> [EXERCISE DESCRIPTION] Retype each record below word for word. Leave the pictures out.

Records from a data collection
++++

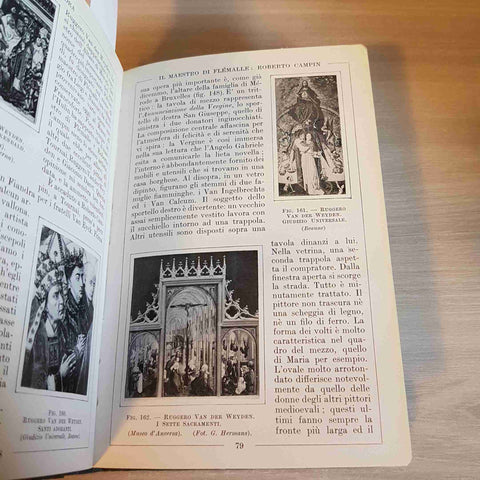 ARS UNA SPECIES MILLE STORIA GENERALE DELL'ARTE IN FIANDRA 1931 MAX ROOSES
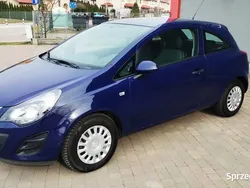 Granatowy Używany 2014 Opel Corsa Hatchback | 15 500 zł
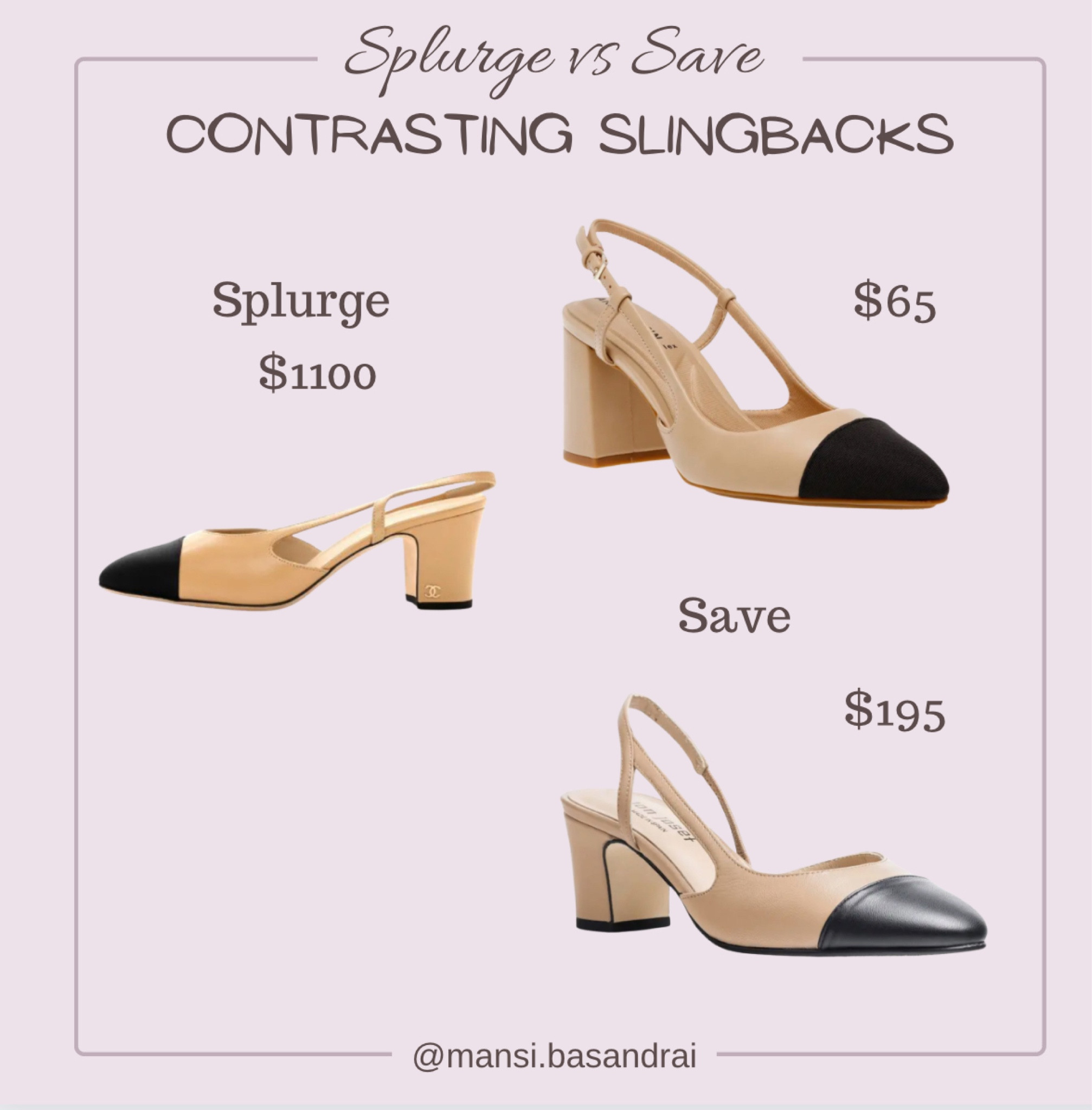 Splurge vs sale 
Nordstrom sale



#LTKfindsunder100 #LTKshoecrush #LTKsalealert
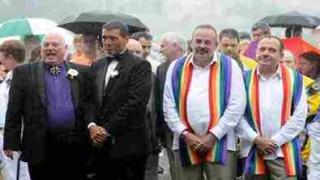 إستطلاع رأي أمريكي يظهر أرتفاع نسبة مؤيدي زواج المثليين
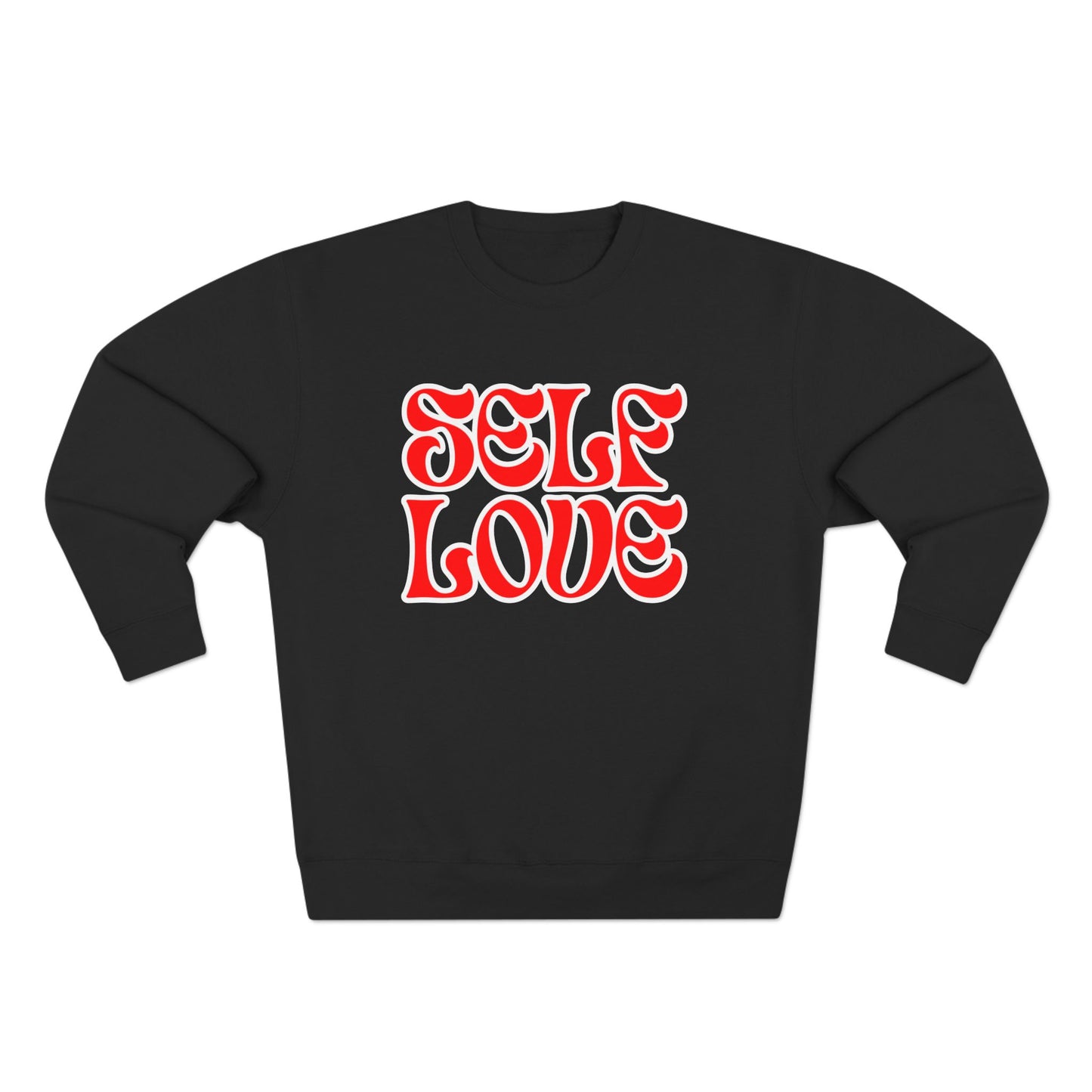 SELF LOVE RETRO Crewneck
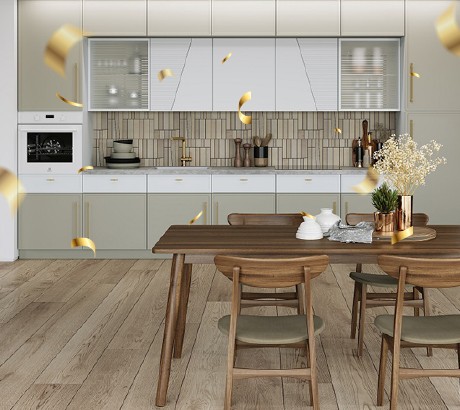 Шестой этап акции «Дарим кухни и 1000 подарков»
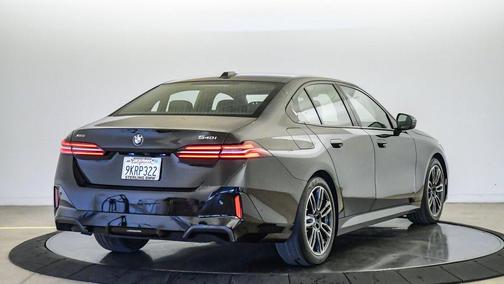 Black Sapphire Metallic 2024 BMW 540 xDrive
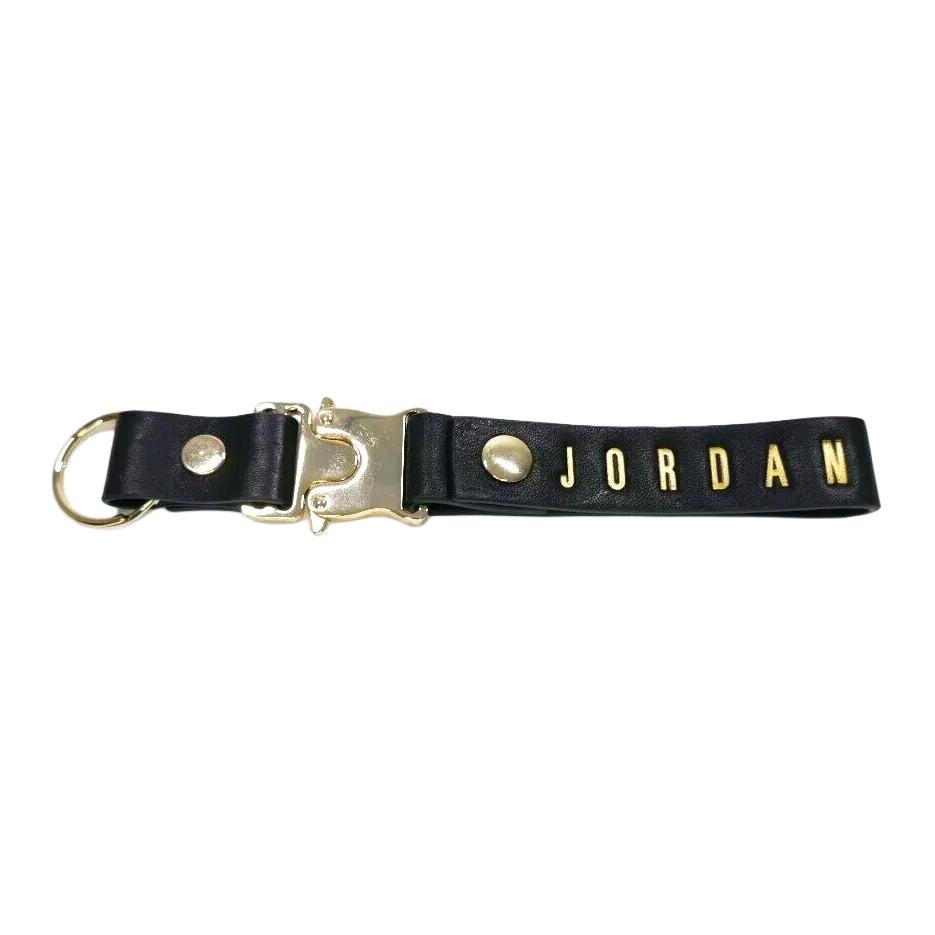 Jordan Luxe leather lanyard keyring J1002003075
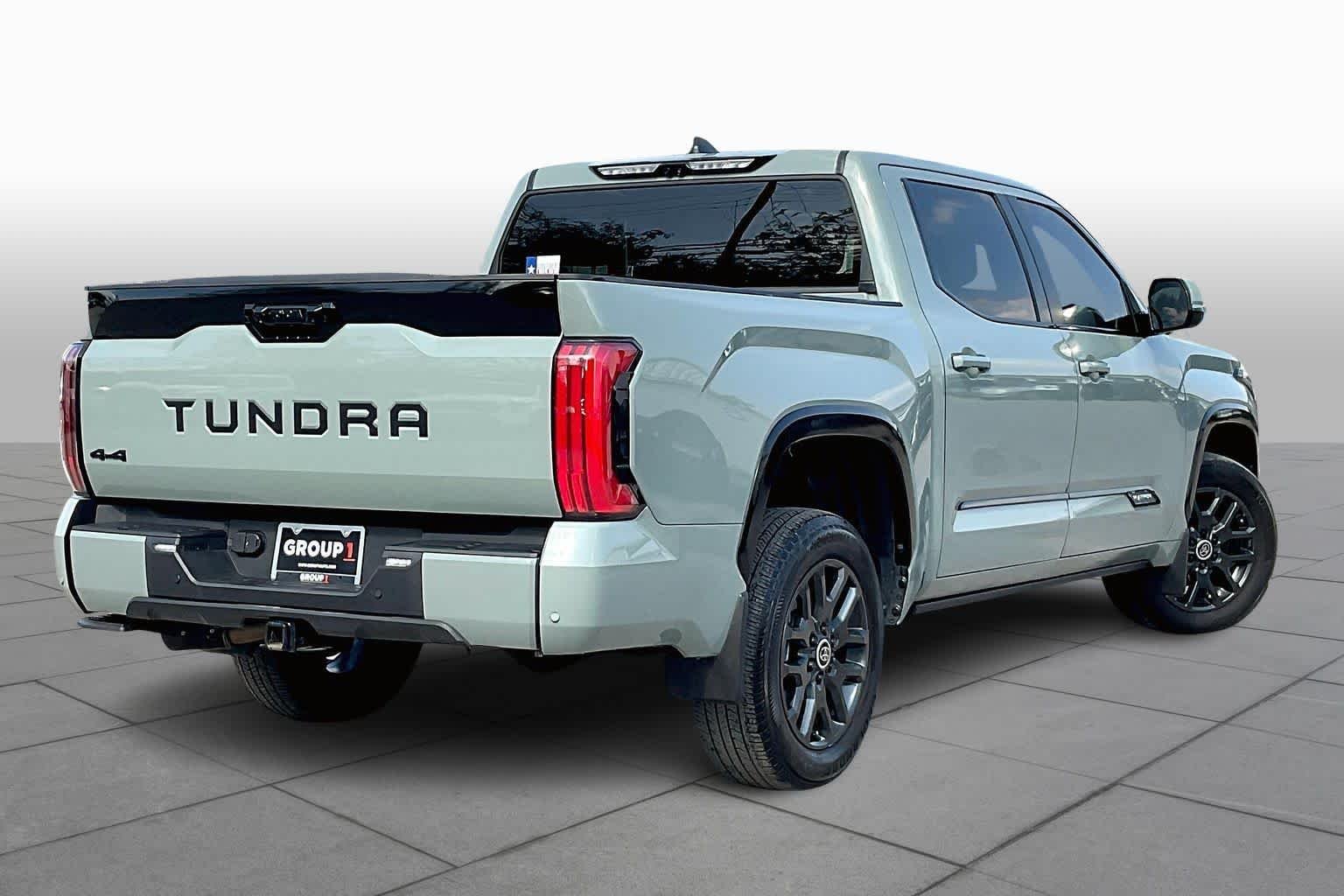 Used 2024 Lunar Rock Toyota Platinum image 13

++++

> [SOLUTION FOR THIS PROBLEM]
 ARS UNA SPECIES MILLE STORIA GENERALE DELL'ARTE IN FIANDRA 1931 MAX ROOSES
 Granatowy Używany 2014 Opel Corsa Hatchback | 15 500 zł
 Splurge vs sale 
Nordstrom sale



#LTKfindsunder100 #LTKshoecrush #LTKsalealert
 إستطلاع رأي أمريكي يظهر أرتفاع نسبة مؤيدي زواج المثليين
 SELF LOVE RETRO Crewneck
 Шестой этап акции «Дарим кухни и 1000 подарков»
 Black Sapphire Metallic 2024 BMW 540 xDrive
 Jordan Luxe leather lanyard keyring J1002003075
 Used 2024 Lunar Rock Toyota Platinum image 13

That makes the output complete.